We further compared the IR29 data from the vegetative stage study with the current IR29 PI data. In general, we found that the genes responding to salinity stress at vegetative stage were strikingly different from those which responded when the stress was imposed during PI. A total of 524 probe sets were differentially expressed in response to salinity at reproductive stage but not during vegetative stage. We were especially interested in genes which mapped to regions of the rice genome associated with salt tolerance based on QTL studies. One such gene (Os01g24710) encoding for SALT protein was induced during the reproductive stage. This gene has a jacalin-like lectin domain and physically maps to the Saltol region on chromosome 1 (13.88 Mb). Interestingly, another gene (Os01g25280) also encoding a SALT-related protein was induced during the vegetative stage in IR29 (Walia et al. 2005). This gene also maps to the Saltol region (14.26 Mb) on chromosome 1. The salT gene in rice is responsive to salt stress and the phytohormones abscisic acid and jasmonic acid (JA) (Claes et al. 1990; Moons et al. 1997). We found some genes involved in JA biosynthesis, and JA responsive genes, to be induced by salinity stress in IR29 during reproductive stage but not during vegetative stage. These include two lipoxygenases (Os03g52860 and Os12g37260), a gene encoding for 12-oxo-phytodienoic acid reductase (OPR2) (Os06g11240) and a jasmonate induced protein (JIP). The induction of JA biosynthesis and responsive genes during salinity stress is interesting in context of the report that post-treatment of salt-stressed rice with JA dramatically improves the physiological activities otherwise inhibited by stress (Kang et al. 2005). Results from our laboratory have also indicated an ameliorating role of JA pretreatment in salt-stressed barley on shoot Na+ concentrations and photosynthetic performance (Walia et al. 2007).
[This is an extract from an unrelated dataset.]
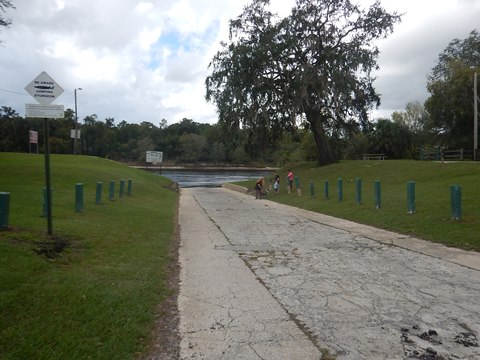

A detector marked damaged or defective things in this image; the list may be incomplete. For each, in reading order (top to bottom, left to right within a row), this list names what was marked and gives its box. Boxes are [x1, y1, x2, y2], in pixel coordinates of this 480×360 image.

cracked concrete pavement [178, 187, 480, 358]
Besides salT, we found several other key transcripts related to salinity stress response as differentially expressed during reproductive stage. A potassium uptake protein (Os09g27580) induced by salinity stress during the reproductive stage in IR29 was one such transcript. This gene localizes to a region on chromosome 9 (16.7 Mb) which is associated with a major QTL for K+ uptake in rice identified by Koyama et al. (2001). This region on chromosome 9 was more recently linked to a QTL controlling root Na+ concentration (Lin et al. 2004). Another gene Os12g39400 (Os.16453.1.S1_at) encoding for a salt-tolerance zinc finger protein (STZ/ZAT10) was up-regulated during reproductive stage under salinity stress. The STZ/ZAT10 is a transcriptional repressor which is believed to regulate the COR/RD gene expression (Lee et al. 2002). The expression of STZ/ZAT10 was not up-regulated in any other genotype under salt stress. Based on this comparison, we can state that very few genes are commonly induced in response to salinity stress in a given genotype when sampled at two different developmental stages.